New Data and the Importance of Collaboration

New data streams have revolutionized every industry.  It’s no different for human rights.  No different, also, is learning to understand how these work to leverage them for the greater good.  That’s what Amnesty’s Alt-Click project is about.  How do we take the great opportunities out there – micro tasking, social media streams, large databases – and use them to help achieve the mission of Amnesty International.

One of the ways we’re doing that at the Citizen Evidence Lab is by setting up our Digital Verification Corps.  It’s a big challenge – we’ll be working with Amnesty volunteers to find content in social media streams and to verify videos and photographs to help Amnesty researchers monitor and report on human rights violations.  Thinking about all of this while listening to other organizations share their own experiences of different data streams was so important  That’s why we’ll also be using this platform – www.citizenevidence.org – to share our experiences as we build the Digital Verification Corps over the next few months.  We’ll write about our successes, our failures, content we have been able to verify, content we’ve debunked in the hope that this can help other organizations with their own challenges around how to use social media data streams.  

This project will require a lot of collaboration from Amnesty’s staff and volunteers.  But there is so much to learn, so much that changes, so many new tools that appear each month that keeping up is hard.  That’s where the other side of collaboration comes in – working with organizations that could be seen to be competing in some way to leverage these new tools for everyone’s greater good.

That’s why some of Amnesty’s Alt-Click team and Citizen Evidence Lab joined a writing retreat in Germany in May with several other organizations working with new data streams in the human rights sphere. It was a week to share learnings, share knowledge, share failures all in the goal of writing a text that can help other non-governmental organizations working with similar challenges. The final text will be published by The Engine Room in August. It’s also been out for consultation across the community

But before its publication, here are some thoughts on the advantages and rewards of sharing knowledge in this new space.

  1. The reward of collaboration.  In reality, while organizations think they are competing, there’s not much of it going on.  Each organization has its own angle, its own objectives, its own niches.
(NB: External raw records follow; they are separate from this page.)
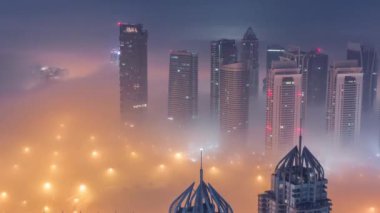 Şeyh Zayed Yolu yakınlarındaki JLT gökdelenleri gece gündüz geçiş zamanı. Aydınlanmış konut binaları ve kavşaktaki trafik. Güneş doğmadan önce sisli bir sabah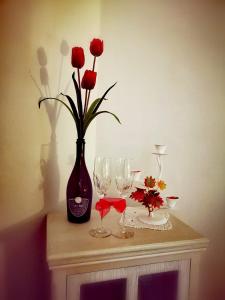 Anamonì Bed and Relax في بينيفنتو: طاولة مع مزهرية مع الورود الحمراء وكؤوس النبيذ
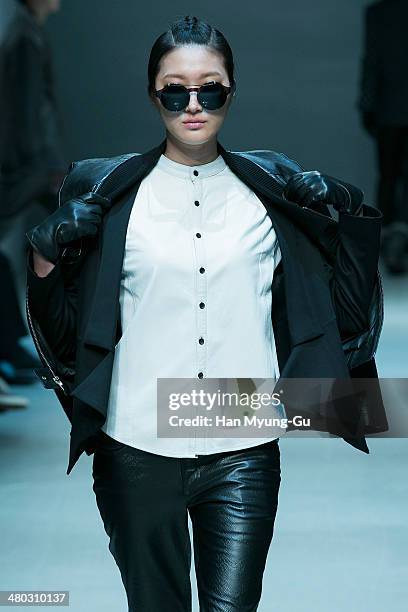 Model showcases designs on the runway during the Singapore Designers Showcase show as part of Seoul Fashion Week A/W 2014 on March 24 in Seoul, South...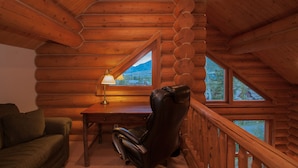 A log cabin interior with a wooden ceiling, a desk with a lamp, a leather chair, a green sofa, and a view of mountains through a window.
All of this varies.  Therefore, by collaborating on issues such as how to tackle the issues around modern data streams we all work towards achieving our goals. It’s much better to share learning and share knowledge.
  2. Using data means different things to different people and to different organizations.  Data isn’t just  spreadsheets and statistics.  Data isn’t just digital content.  And questions about data vary too. There are questions of usage. There are also questions of protection. There are questions of ethics.  Tackling all of this is tricky – and likely beyond the remit of any one single organization.  Working together to understand all of this is important now – an importance which is only going to get bigger as more streams, more challenges, more opportunities spring forth.
  3. Platform agnosticism.  We have a tendency to think about how YouTube changed social media or Tableau changed data visualization and recommending how others may use those tools.  That’s useful.  But more useful and important is thinking about processes and workflows needed to achieve data visualization or tracking down social media content.  We need to understand these processes as new, better tools are appearing all the time – but often the processes remain the same.
  4. When we talk about collaboration, it’s also about understanding the limits of what can be achieved before jumping in headfirst. Surely better to discuss with organizations that have done the same and learned the lessons than to blindly explore?
  5. How it fits into traditional research and work.  It’s also important to talk about how people have worked on using new data streams within their traditional work.  New data is not a panacea, but it becomes very, very useful when integrated into more traditional investigation, research and reporting.  Understanding how other organizations have done this can help you understand how to leverage the opportunities these new tools to better effect.